Certes je ne sais pas quelle chaleur vous monte:
Mais à convoiter, moi, je ne suis pas si prompte,
Et je vous verrais nu du haut jusques en bas,
Que toute votre peau ne me tenterait pas
Cécile Bour a lu tout comme elle a lu le mail que je lui avais envoyé mais n’a pas répondu. C’est son droit et si mon point de vue ne convient pas, je n’en suis pas désolée. J’ai cessé d’être désolée depuis longtemps. L’association d’idées entre la morale et les personnages peu glorieux que je cite vaut ce qu’elle vaut . Un billet de blog, un point de vue. Le mien. Les qualificatifs masculins de la réponse de Cécile Bour me font rire venant d’une féministe militante. Suck it up buttercup !
Vous m’avez posé hier soir toutes ces questions dans un mail. L’intelligent eut attendu les réponses, l’impulsif irréfléchi rue plutôt dans les brancards, et le sage eut évité des mises en parallèle hasardeuses avec Pétain… Vous trouverez bien votre qualificatif approprié….
Mon généraliste m’a refusé tout examen clinique, « ça ne veut rien de dire de toute façon et un ganglion non plus » par contre vas-y pour une prescription de mammographie. Mais j’ai déjà mal! Bon, une échographie et une analyse de sang SANS LES MARQUEURS, EVIDEMMENT. L’échographiste m’insulte presque de demander cet examen sans faire préalablement une mammographie, et prétend qu’elle ne peut rien interpréter sans ! (je n’ai pas 50 ans…). Elle concède que ce n’est pas un kyste. Moi: « j’ai compris, je vais mourir. » Elle (ricanant) « si vous le pensez, je ne vais certainement pas vous détromper ».

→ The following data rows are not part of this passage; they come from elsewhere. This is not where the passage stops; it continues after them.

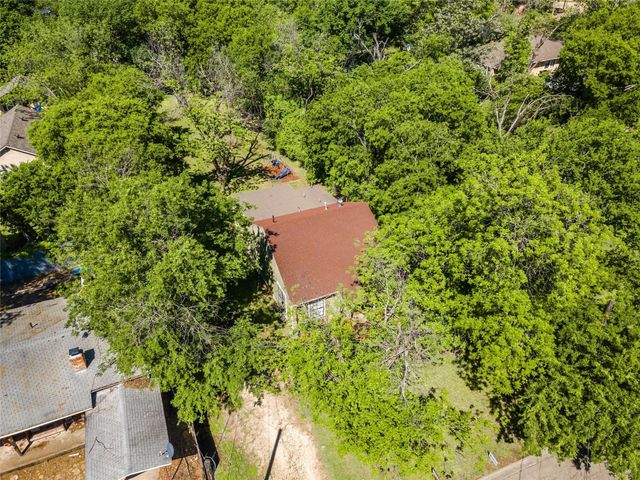 218 S Buffalo Avenue, Cleburne, TX 76033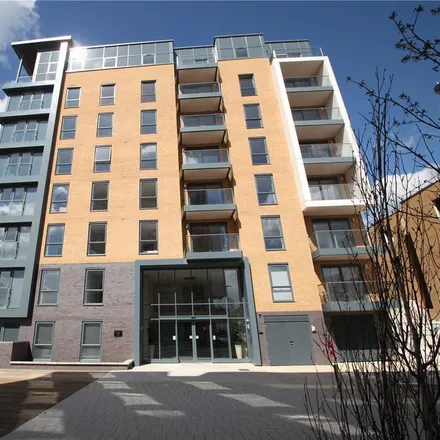 Rent this 2 bed apartment on 2 Puffin Way in Reading, RG2 0NX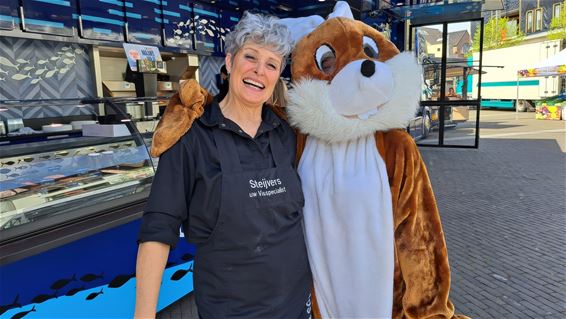 De paashaas bezoekt de donderdagmarkt - Pelt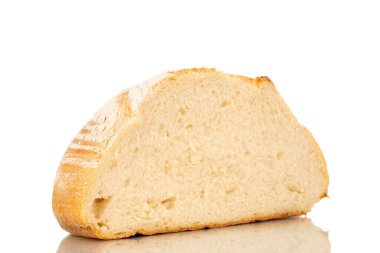 Beyaz arka planda izole edilmiş, taze kokulu beyaz buğday ekmeğinin yarısı..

juste une remarque en passant :
un appareil de mammographie à ma connaissance, ne peut servir qu’à ça.
contrairement à beaucoup d’autres techniques.
Bonjour Manuela, avant de parler de l’essentiel….j’ai signé malgré le mot tant « honni » de morale. je me suis attachée à l’esprit plus qu’à la lettre. De plus il y aurait bcp à dire au sujet de l’usage de la « morale » de Pétain ou Zemmour mais ce n’est pas le sujet.
Ce billet est très intéressant parce qu’il pose la question cruciale qui est celle de la position du médecin. Il est vrai que le radiologue semble juste être aux ordres et exécuter des examens sur demande de chers confrères. Peut il se permettre de ne pas les faire, peut il se permettre une distance critique et un commentaire face aux demandes des confrères et doit il se limiter à un boulot de technicien qui fait tout juste ce qu’on lui demande. Il est médecin et on lui demande de réfléchir aux tenants et aux aboutissants de ses actes…sinon il suffirait d’un technicien, voire même d’une machine qui analyse toute seule les images!
Alors les enjeux sont multiples et compliqués…et il me semblait que la réponse la mieux adaptée mais très imparfaite est celle que tu suggères. La main au médecin traitant dans la mesure où c’est bien lui qui saura être le moins dans la fascination de la machine et le plus dans la capacité à pouvoir mettre tous les éléments en perspective.
J’espère qu’elle te lira et répondra à tes questions… Mais quelle que soit sa réponse je suis heureuse que certains médecins et en particulier des médecins-techniciens regardent un peu plus loin que le bout de leur nez.